Today is Constitution Day, a national holiday established in 2004. We celebrate it on September 17, because that was the day the Constitutional Convention signed the Constitution. Or the people who were still there signed it, many of the Convention members having already left Philadelphia. The Framers were probably relieved, first to have the ordeal done with, and also because it was September, following a particularly sweltering summer of 1787. With no air conditioning. Or good fans. Or even open windows, which remained closed for fear of eavesdroppers.
Still, this is a good thing, to celebrate the Constitution. And for families with children, the Constitution Center has a website with lots of fun activities designed to teach kids about it.

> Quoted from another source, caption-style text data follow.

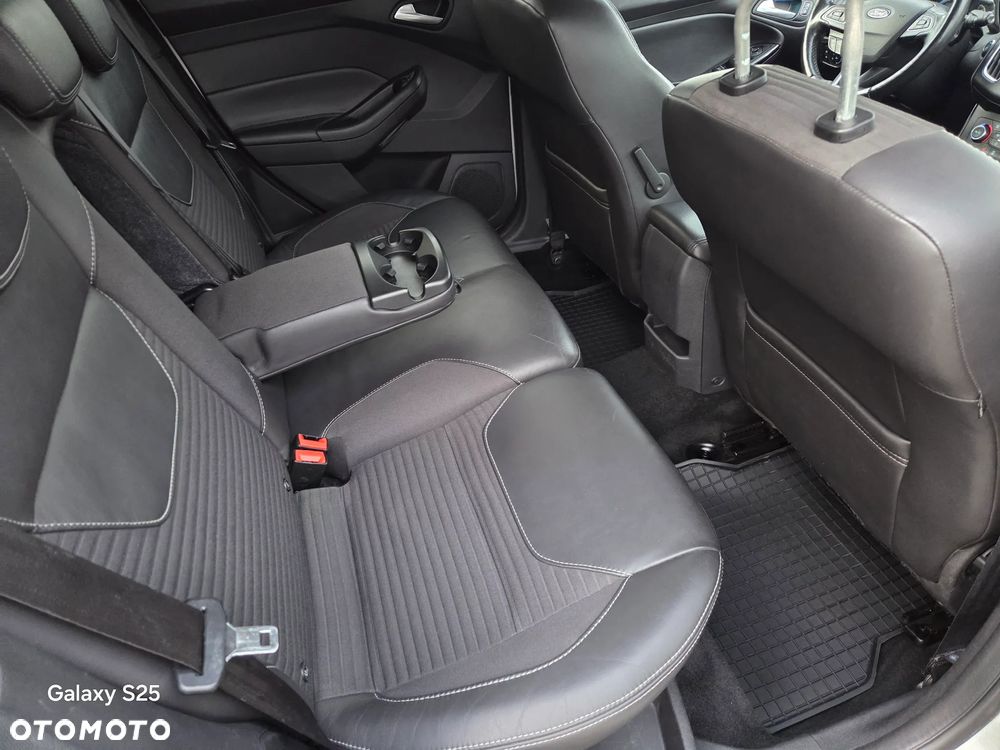 Ford Focus 1.5 EcoBlue Start-Stopp-System TITANIUM - 9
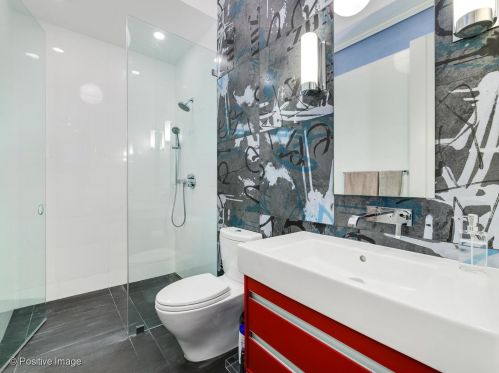 1857 Orch St, Chicago IL 60614-5109 exterior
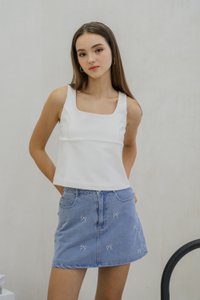 Bree Square Neck Cotton Top In White (XL)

The Constitution is actually a pretty easy document to read, once you get used to eighteenth century vocabularies and usage. It’s really pretty simple. It basically describes the process by which laws will be passed, who will pass them, how they will be elected to the task, and who is responsible for executing them. The principle doctrine that informed its creation is ‘separation of powers.’ The Framers were worried about political power. Most of the world of their day was governed using the ‘insane hereditary dictator’ system of government, a popular form throughout most of history, for reasons that defy comprehension, since it never works very well. Anyway, what is political power, how should it be wielded, who exercises it, how can it be channeled in positive, beneficial directions? Nobody knew. And when the Framers finished the document, they were generally skeptical about what they’d accomplished. What if it didn’t work? Because maybe it wouldn’t.

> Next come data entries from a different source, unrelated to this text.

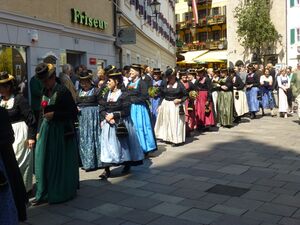 TrachtenfrauenZell P1010338.JPG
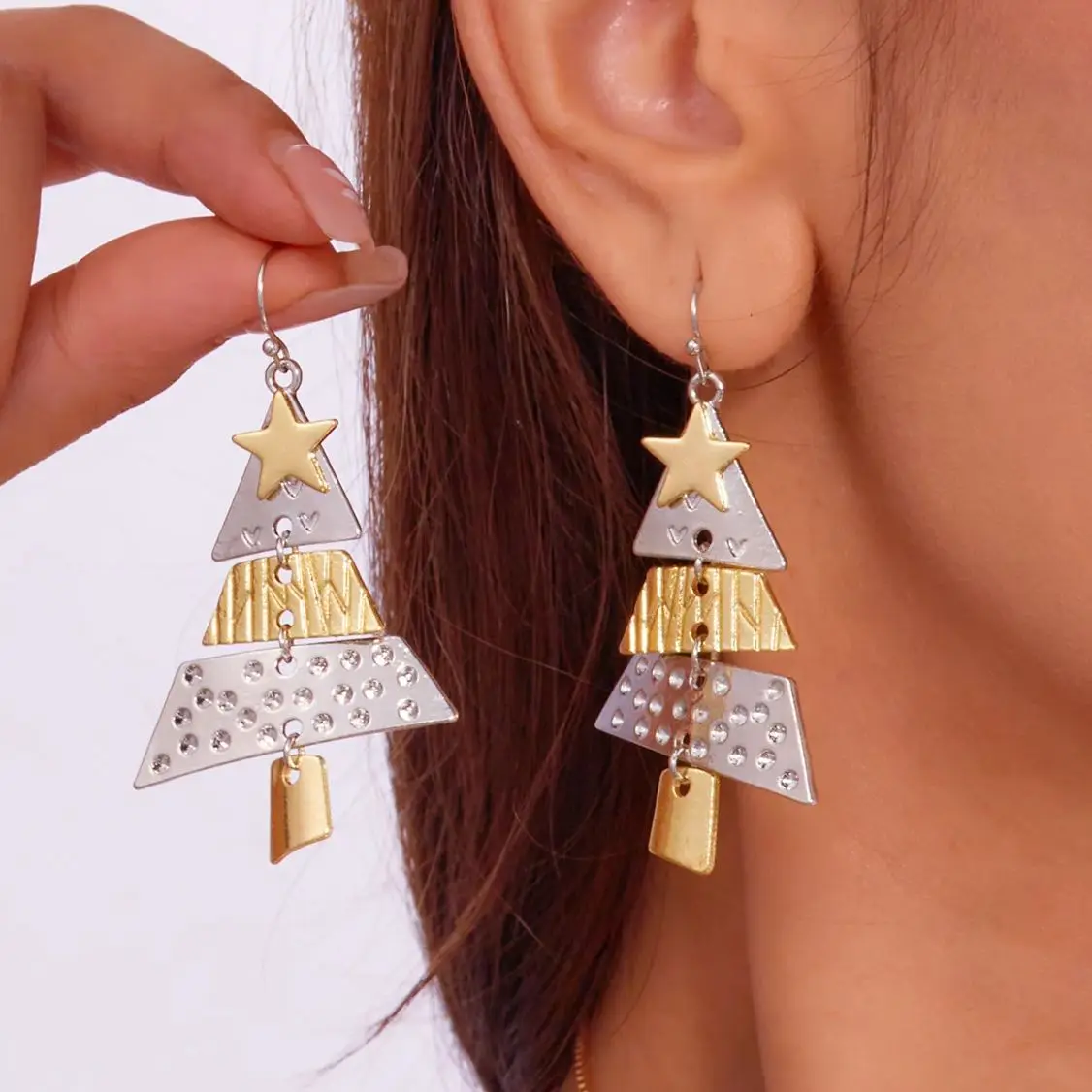 New Design Splicing Christmas Tree for Women Fashion Pentagram Hollow Tree Metal Drop Earring Punk Cool Jewelry Accessories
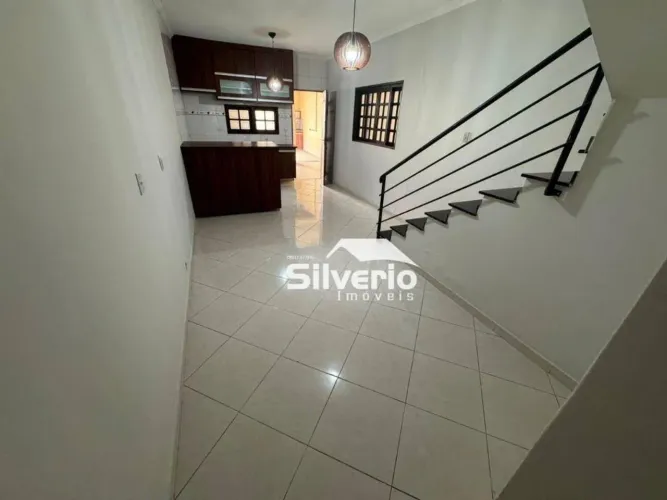 Excelente Sobrado com 4 dormitórios, 196 m² - venda por R$ 750.000 ou aluguel por R$ 3.300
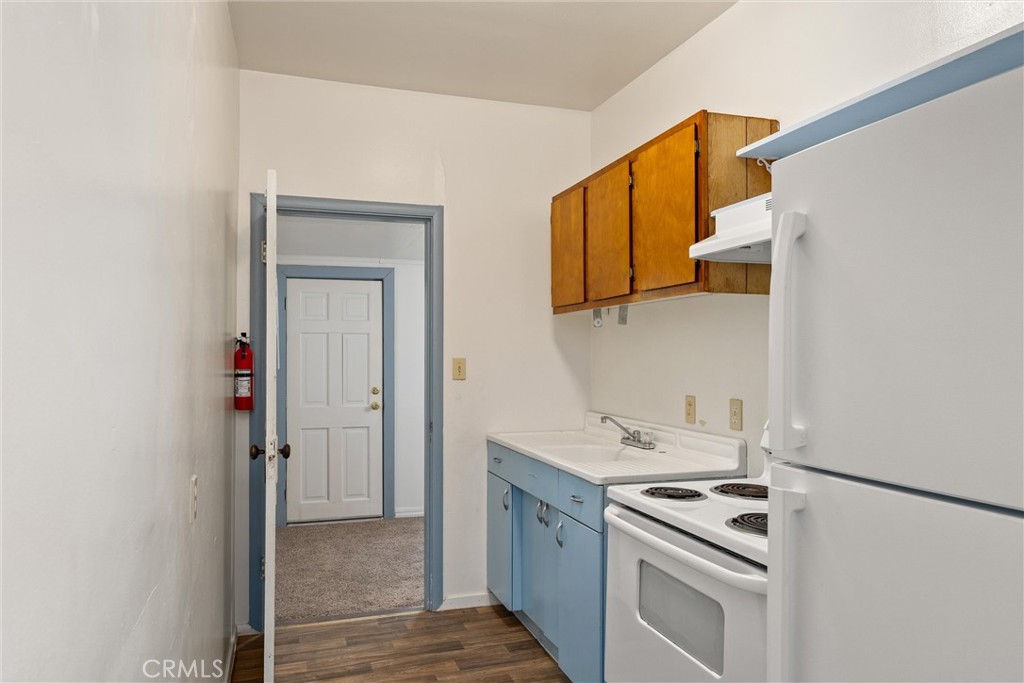 5577 Almond Street 1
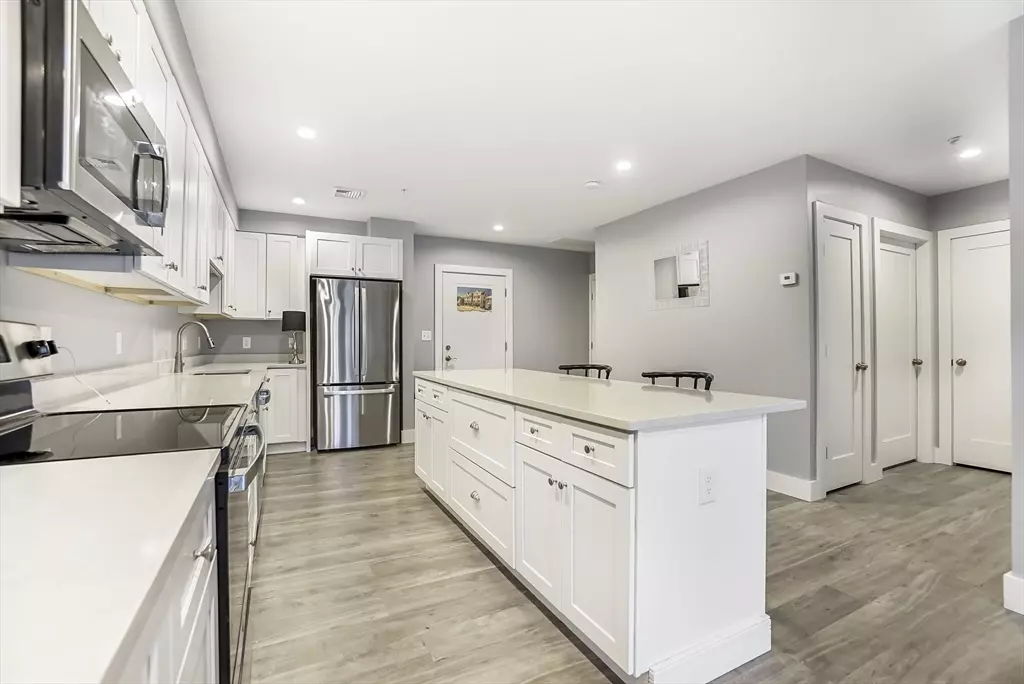 Dedham, MA 02026,245 Bussey St #306
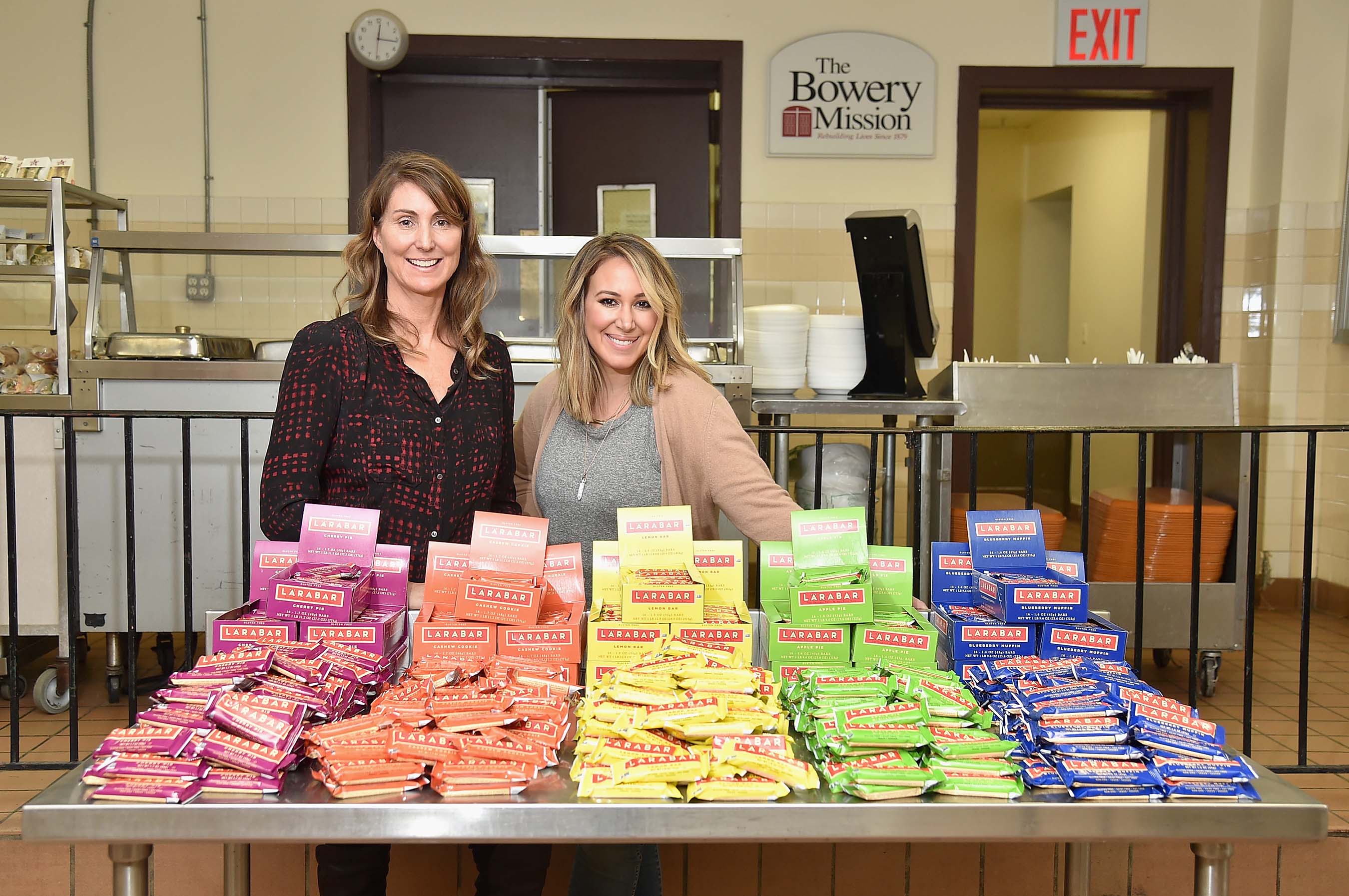 Larabar founder, Lara Merriken (L) and actress Haylie Duff share real food with The Bowery Mission beneficiaries in New York City on January 26, 2016 (Photo by Michael Loccisano/Getty Images for Larabar)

James Madison and the other Framers built the theoretical framework for a Constitution out of untested and frankly pretty radical political theories, which they believed in and thought would work in a practical sense, but which they couldn’t be sure of at all. Key to those theories was the notion that political power resided with the people, and not with a sovereign blessed by God. Throughout most of history, the theory had been that God had, in His Infinite Wisdom, placed everyone in a particular station in life, for inscrutable but wise reasons of His own. If you were a peasant, it was because God wanted you to be a peasant; if a nobleman, again, God’s will. And kings, of course, were likewise divinely appointed, and ruled by divine right, and therefore, by fiat, by unobstructed decree.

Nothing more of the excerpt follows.